### About this exercise
Beginning with the line that contains "Used 2023 Jeep", restate each line below through the final one exactly, and exclude the pictures.

### Data provided

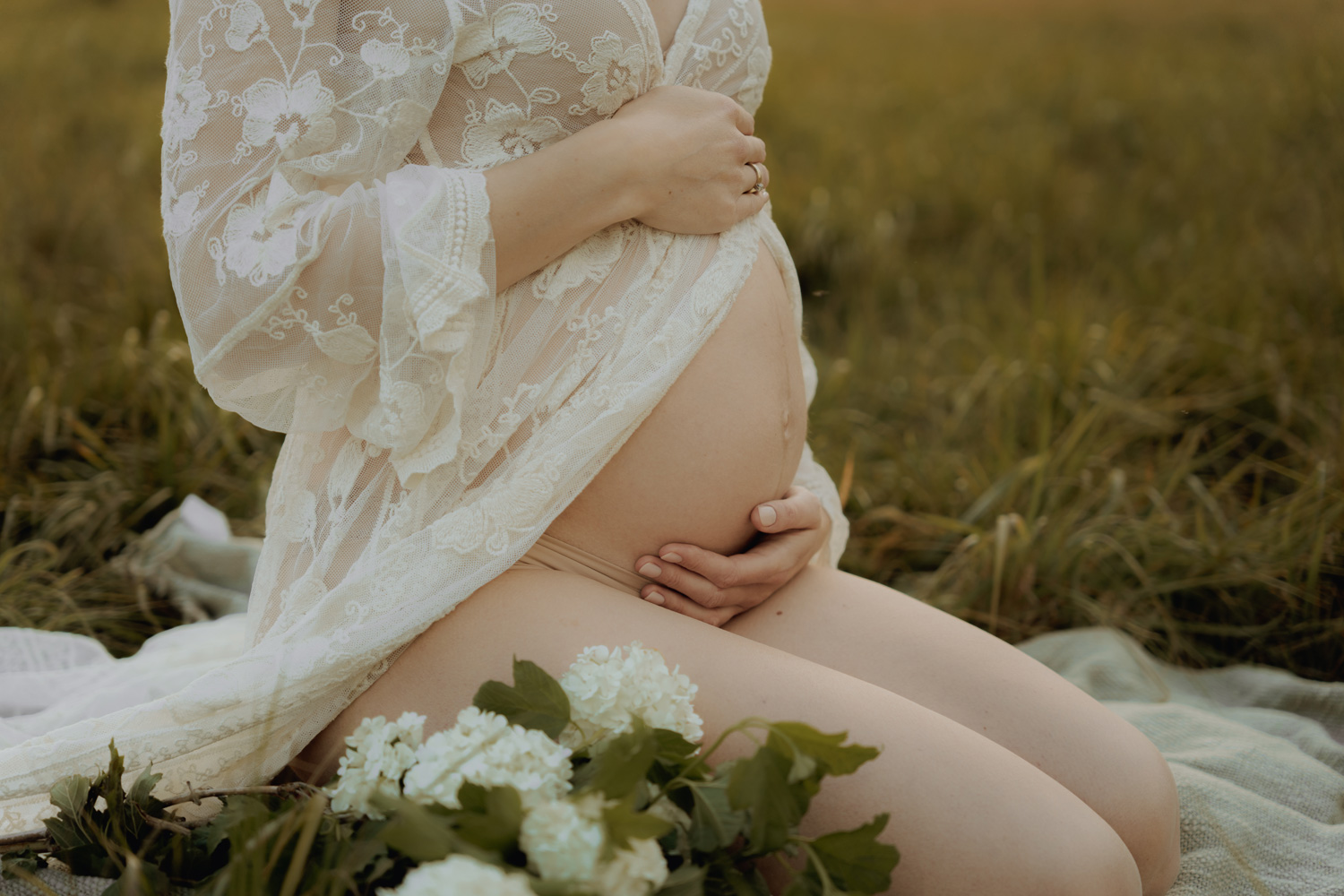 sesja ciazowa kielce00054 - Sesja ciążowa na łące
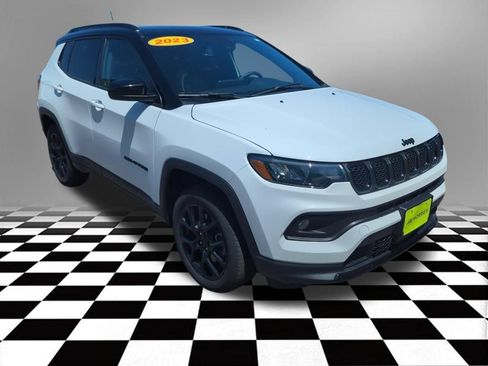 Used 2023 Jeep Compass Latitude w/ Sun and Sound Group AWD/4WD image 10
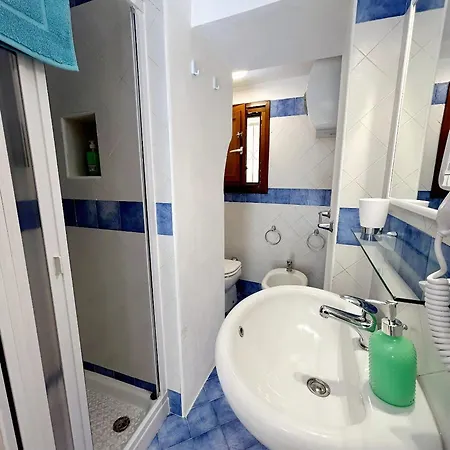 Vico Ferro 2 House *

### Result of this task
 Used 2023 Jeep Compass Latitude w/ Sun and Sound Group AWD/4WD image 10
 Vico Ferro 2 House *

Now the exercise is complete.